Dr Panayiota Touloupou BSc MSc PhD

Dr Panayiota Touloupou

School of Mathematics
Associate Professor in Mathematics and Statistics

Contact details

Address
School of Mathematics
Watson Building
University of Birmingham
Edgbaston
Birmingham
B15 2TT
UK

Panayiota Touloupou is a Lecturer in Mathematics and Statistics. Panayiota's research interests lie in statistical methodology and computational statistics.
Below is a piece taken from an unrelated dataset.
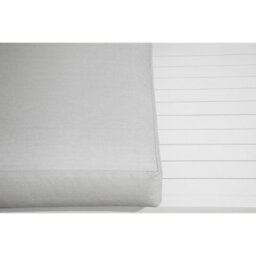 Dellonda Kyoto White 3 Piece Outdoor Garden Corner Sofa & Coffee Table Set White - thumbnail 7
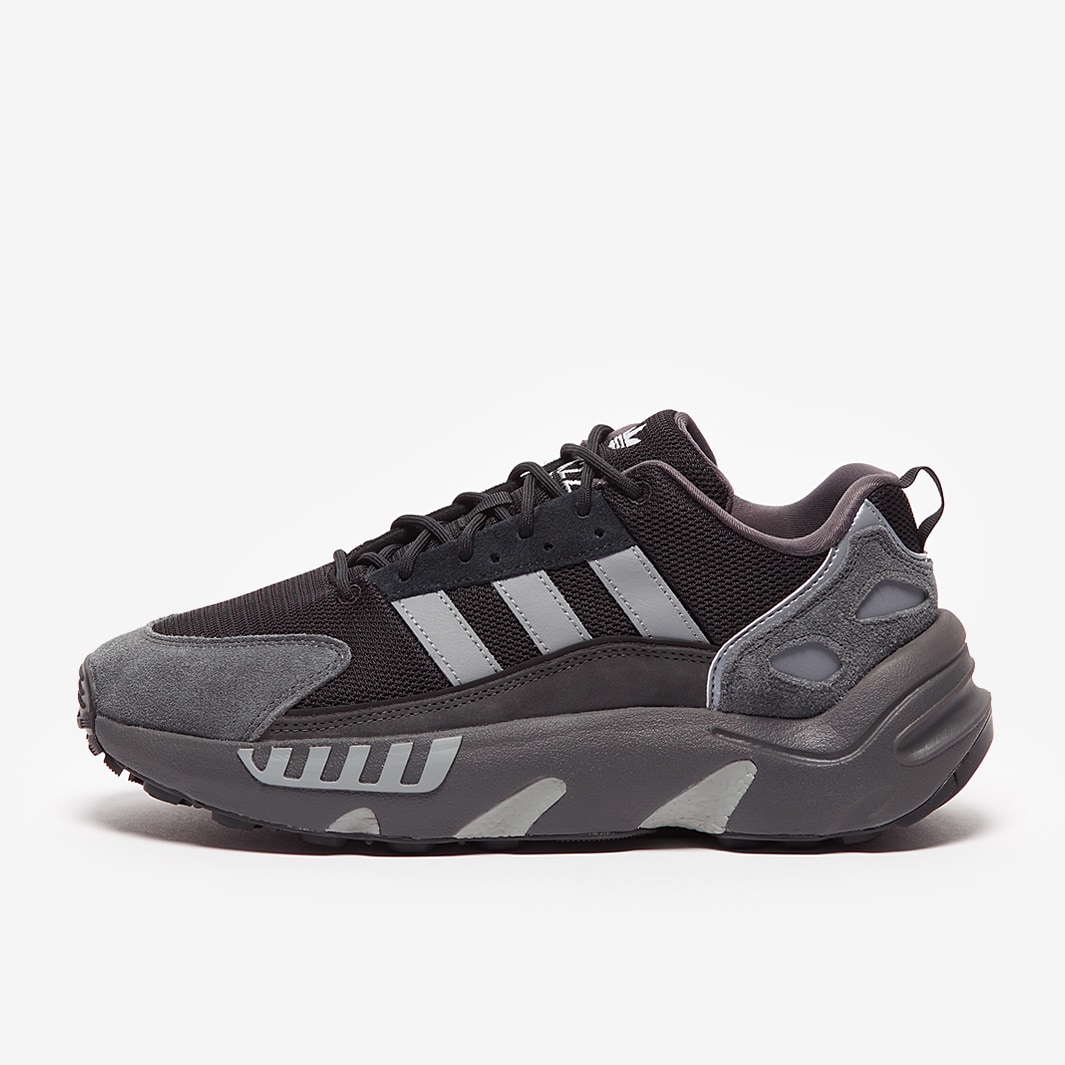 Adidas Originals ZX 22 Boost Core Black/Core Black/Ftw White-Trainers ...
Her research mostly involves aspects of stochastic epidemic models, and applying and developing statistical methodology for the study of infectious diseases. Panayiota is a member of the Mathematical Biology and Healthcare Group, the Applied and Computational Statistics Group and the Institute of Interdisciplinary Data Science and AI. She is also a member of Equality, diversity and inclusion (EDI) committee of the School of Mathematics. Panayiota was a member of the Neglected Tropical Disease modelling consortium. Panayiota has received funding for her research from Bill and Melinda Gates Foundation and the Task Force for Global Health.

Qualifications

  • PhD in Statistics, University of Warwick, 2016
  • MSc in Statistics, University of Warwick, 2012
  • BSc in Mathematics and Statistics, University of Cyprus, 2011

Biography

Panayiota Touloupou graduated with a BSc in Mathematics and Statistics from the University of Cyprus in 2011. She then moved to the University of Warwick to study for the MSc degree in Statistics and she carried on her studies for a PhD in Statistics under the supervision of Dr Simon Spencer and Prof. Barbel Finkenstadt at the University of Warwick. The title of her PhD was 'Bayesian inference and model selection for partially observed stochastic epidemics' and she has continued to work in infectious disease modelling ever since. In July 2016 she became a Research Fellow of the Neglected Tropical Disease modelling consortium, a large-scale international multidisciplinary collaboration between research groups working on neglected tropical disease.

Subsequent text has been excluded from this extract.